Jurisprudence is applied with less frequency when referring to legislators. Perhaps this is because the term presupposes a specialized profession incongruous with an image of populist lawmaking by people very much like the average person on the street—lawmaking that is reflective rather than refractive of the popular will. To conjure with such a conception of profession is to engage a tension between a democratic and a republican vision of our constitutional order that involves different interpretations of representation. In the former view, the legislator mirrors his or her constituents’ will, whereas in the latter view, the legislator is elected for his judgment (enjoying not only authority based on election but also epistemocratic authority based on assumed expertise) and leads his constituency, but is periodically held accountable to them through the process of elections. (The latter view is espoused by Edmund Burke when he states: “Your representative owes you, not his industry only, but his judgment; and he betrays, instead of serving you, if he sacrifices it to your opinion.”)8 Constituents in democracies, however, may find such views less than fully palatable. Burke we might note was defeated in the next election. Our constitutional order seems in various ways to accommodate both views. The United States House of Representatives was designed to be more democratic. The representatives hold office for short terms and are accountable to smaller constituencies, conditions tying them more closely to popular will. The Senate was designed to be more aristocratic. Senators hold longer terms of office and are responsible to larger and more diffuse constituencies, conditions providing for more separation from their constituents’ immediate will. (Originally, senators were not even elected by the people but by the state legislatures. This persisted until 1913 when it was changed by the Seventeenth Amendment.) The division of power among executive, judiciary, and legislature (with a Court that it appointed and not subject to electoral accountability) suggests a democratic/republican constitution that resolves the tensions between democratic and republican principles through checks and balances of various sorts.
It is difficult to defend the view that deliberation about the substance and form of legislation to enact is not a matter requiring specialized judgment and skill, nor of expertise informed by knowledge of the nature of law, its forms and ends, with sensitivity to its historicity—that is, how the law is shaped over time by the particular facts and circumstances of the society the legislator serves. Aristotle’s view suggests that the legislative art demands the highest, most sophisticated sort of judgment and practical wisdom, as it is concerned with achieving the highest most comprehensive good of human action—the happiness of the body politic (Nicomachean Ethics Book X). Indeed, one of the most significant problems confronting the police (that August Vollmer, the father of modern American law enforcement, identifies in his seminal text, The Police and Modern Society), is the enactment of unenforceable laws (or laws whose enforcement comes at too high a price) and the failure to repeal laws that have become unenforceable—what may be called acts or omissions constituting legislative juris-imprudence.

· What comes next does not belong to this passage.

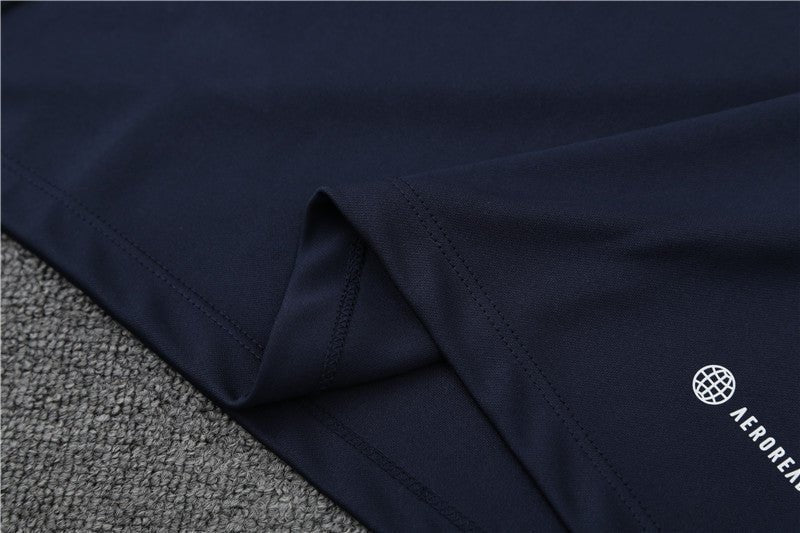Special Edition Tracksuit Kit - Detail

Jurisprudence is, however, rarely if ever explicitly associated with the police. There has been no comprehensive treatise on the jurisprudence of police, that is, no systematic study that integrates the philosophy of law with the philosophy of police. The phrase “jurisprudence of police” occurs with the utmost rarity in the literature. (I have seen it used once by Kenneth C. Davis and once by Lawrence Sherman.9) As mentioned earlier, certain connections have been recently suggested between the contemporary discussion of judicial discretion in legal philosophy (particularly, Ronald Dworkin’s treatment of discretion) and the discretion exercised by police, but these references do not amount to anything like a full dress review of the matter.

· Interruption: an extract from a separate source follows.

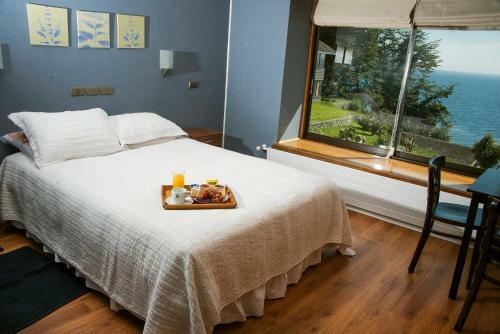Hotel Y Caba�as Puerto Pilar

Our underdeveloped jurisprudence (or in the area of policing, our nonexistent jurisprudence) is partly due to persistence of the view that police work does not require a jurisprudence. Police according to this view are low-level officials who are handed a book of laws that they are told to enforce. In this scenario, police are ministerial agents of law. They do not exercise significant discretion either in interpreting law or applying it. Parratt, for example, states: “The police in our legal tradition, are essentially ministerial officers. To them have been delegated relatively few grants of discretionary power.”10
The American Bar Foundation (the former research arm of the American Bar Association) in the mid-1950s conducted an extensive field observation study, however, that should have dispelled the empirical assumption that the police do not exercise substantial discretion. Kenneth Culp Davis, a participant in the study and one of the leading authorities to emerge on the subject, concludes: “The police are among the most important policy makers in the society. And they make far more discretionary determinations in individual cases than any other class of administrators; I know of no close second” (Discretionary Justice 222). He observes that police decide what laws to enforce, when they shall be enforced, in what circumstances, and in what manner. The laws that police are charged with enforcing particularly in the area of public order (ordinances prohibiting “disorderly conduct” come to mind readily) are neither narrowly nor clearly defined and invite discretionary interpretation. The late Chief Justice Warren Burger commented: “The policeman on the beat or in the patrol car makes more decisions and exercises greater discretion affecting the daily lives of people every day and to a greater extent, in many respects, than a judge will ordinarily exercise in a week.”11 Burger also said: “No law book, no lawyer, no judge can really tell the policeman on the beat how to exercise this discretion perfectly in every one of the thousands of different situations that can arise in the hour-to-hour work of the policeman.”12 Yet, the police have exercised that broad discretion often beneath the radar of enfranchised public scrutiny and with insufficient guidance and education on its use. It is necessary to take up discussion of the nature and limits of that discretion and to consider how that discretion may be groomed by education and training. The very high price of police misjudgment and corruption for the public safety, for order, and for the rights of individuals demands the subordination of that discretion to a jurisprudence. Yet, while legal philosophers have devoted considerable time to discussion of judicial discretion, they have devoted virtually no attention to police.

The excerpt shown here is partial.